The question now remains whether Saraswathi or her legal representative (she died pending suit) can resist the plaintiffs claim without obtaining probate of the will. The plaint alleged that Kaveri Bai had died intestate, and it appears to me that such an allegation was necessary, because under Parts IV and V of the Succession Act an heir-at-law can only succeed in the event of an intestacy. But since there is a presumption that a person dies intestate unless a will be established, it lay upon the defendant to disprove the fact of intestacy by establishing the existence of a will. That, I think, was the course followed in this suit. The defendant proved that Kaveri Bai had executed a will, but that proof was adduced otherwise than by producing probate, and the question is whether, by such proof, the plaintiffs claim is defeated.

By Sect. 25 of the Succession Act, a man is considered to die intestate in respect of property.

of which he has not made a testamentary disposition which is capable of taking effect.

Did Kaveri Bai make such a disposition The answer, I think is clearly yes. She made a valid will, and even though that will be still unprobated, it was, and indeed still is, capable of giving effect to her intentions. That proposition has not been disputed. Thus she did not die intestate, and it appears to me to follow that any claim by an heir who would succeed upon an intestacy must necessarily fail.

So far as I can see, the only way in which the plaintiff could surmount this difficulty would be by showing that the will could not be established against him, in which case the Court would have to infer an intestacy. Recourse for this purpose has been had to Sect. 18

7. This section provides that:

No right as executor or legatee can be established in any Court of Justice, unless a Court of competent jurisdiction (in British India) shall have granted probate of the will under which the right is claimed.

Clearly this does not amount to saying that a will may not be proved for any purpose otherwise than by producing probate, but only for the purpose of establishing a right as executor or legatee. But it is argued for the plaintiff that title to the property must vest in some one that prima facie it vests in him, that only by proof of a superior title can his title be displaced, and that this section renders such proof inadmissible. His title must therefore prevail.

I would meet this argument by saying that for the defendant to prove title in himself is not indispensable. He may plead:

I may not be able to prove my own title, but it will do if I show that title cannot vest in you, and to do this I have simply to establish the will.
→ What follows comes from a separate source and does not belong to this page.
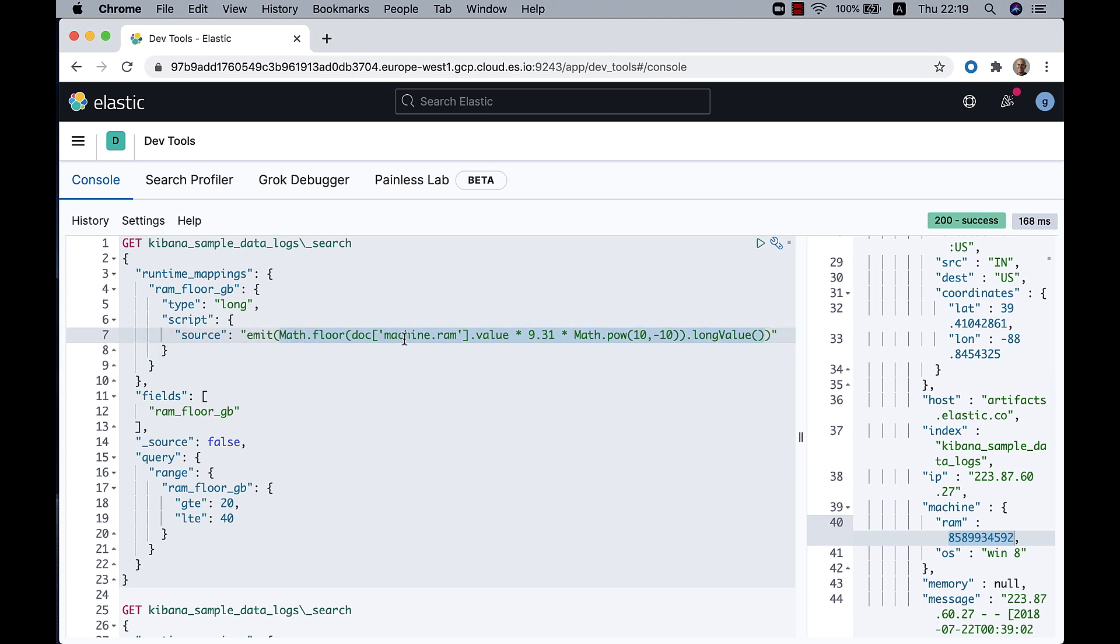I have to refer to the machine.ram field. So this is the syntax for referring to the value of the machine.ram field: single quote machine.ram, then the whole thing in square brackets, doc before that, and I'm asking for the value, so dot value, not the length or anything like that.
I cannot see that the plaintiff has any answer to this form of defence if, as 1 am disposed to hold, his claim fails upon an adjudication against him upon the issue of intestacy. Once the intestacy has been found against, the plaintiff has no better claim than anyone else to oust the defendant, however infirm or incapable of proof may be her title, and upon this view it would be immaterial whether the defendant was (or represented) an executor or legatee, or was a mere third party or trespasser.

To hold that the intestacy could not be disproved by establishing the unprobated will would be to give Sect. 187 an effect similar to that of Sect. 49 of the Registration Act, according to which a document required to be registered, and which is unregistered, cannot be received in evidence. If that had been intended, I do not see why it was not expressed. It may then be said that the construction which I put upon the statute would lead to very inconvenient results. The argument of course, cannot avail if, as I am compelled to find, the statute is clear. No doubt there may be cases in which an executor who fails to obtain probate causes loss and trouble to others. There being no period of limitation, it is possible for him to postpone indefinitely the settlement of claims upon the estate. On the other hand, the position would hardly be more satisfactory, if, as in a case like the present, the testators wishes could be rendered ineffectual by a mere omission to probate a perfectly good will.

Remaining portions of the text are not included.